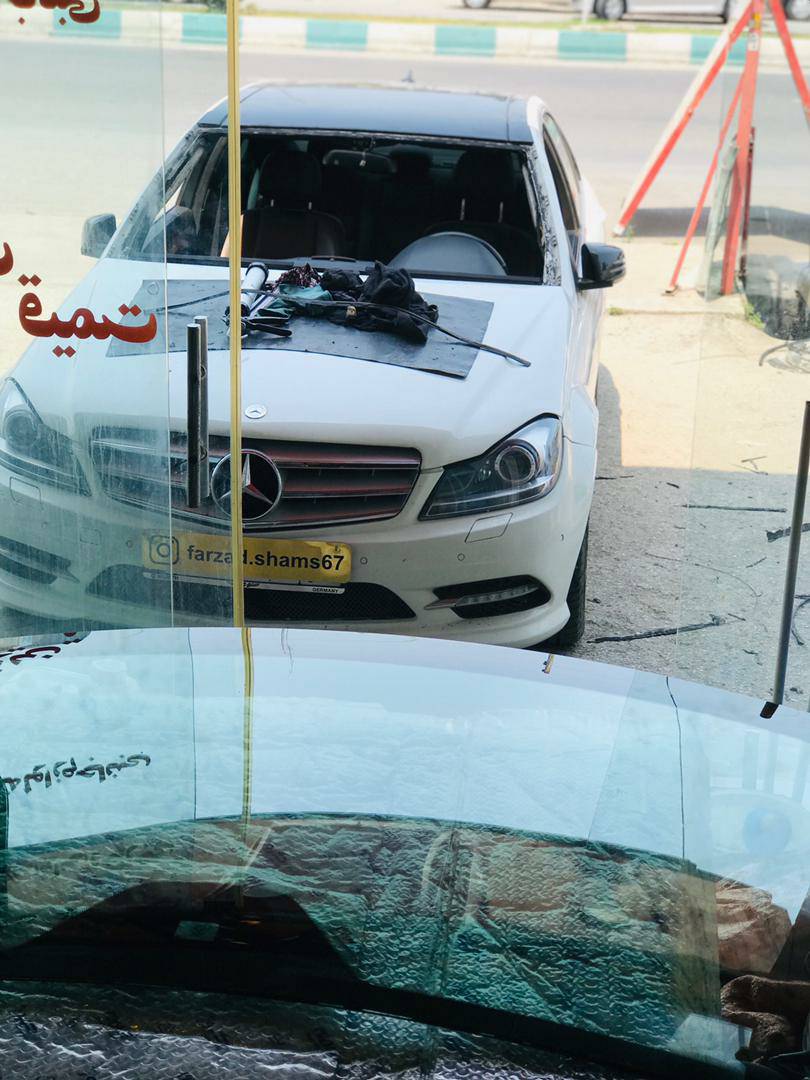 شیشه اتومبیل فرزاد شمس در چالوس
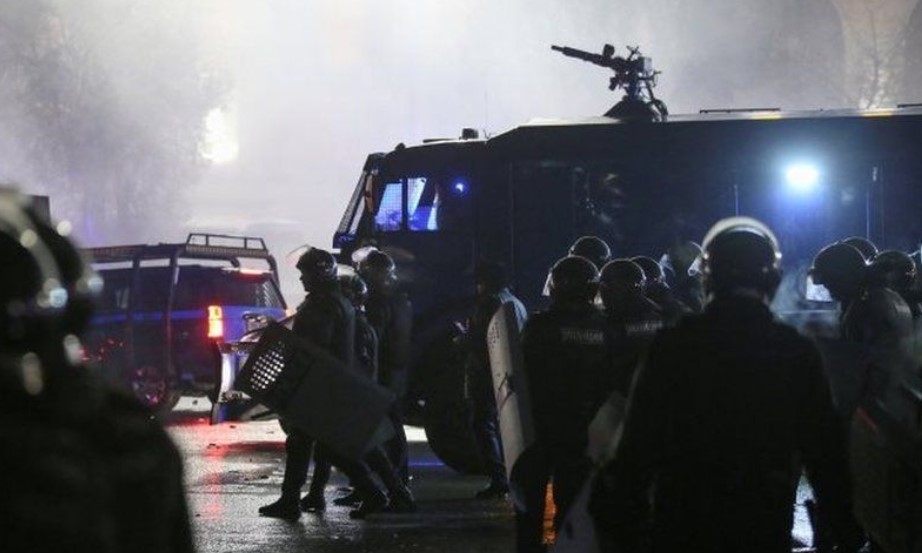 Tetë të vdekur dhe qindra të lënduar nga protestat në Kazakistan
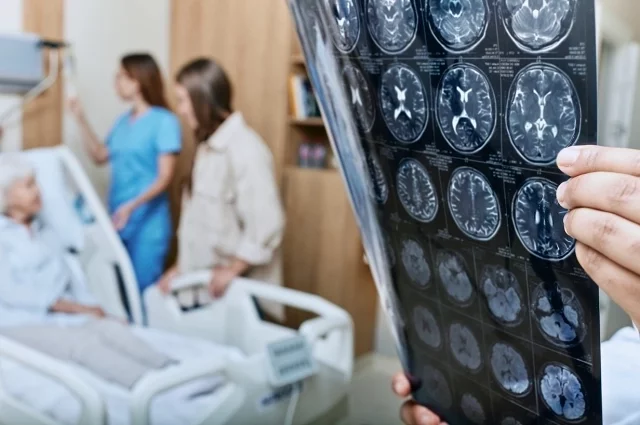 О страшной болезни Альцгеймера, убивающей в человеке человека, многие впервые услышали только в середине 1990-х.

WHAT THE EXERCISE ASKS
In the copy, include no pictures; restate the listing above exactly.

ANSWER BOX
 شیشه اتومبیل فرزاد شمس در چالوس
 Tetë të vdekur dhe qindra të lënduar nga protestat në Kazakistan
 О страшной болезни Альцгеймера, убивающей в человеке человека, многие впервые услышали только в середине 1990-х.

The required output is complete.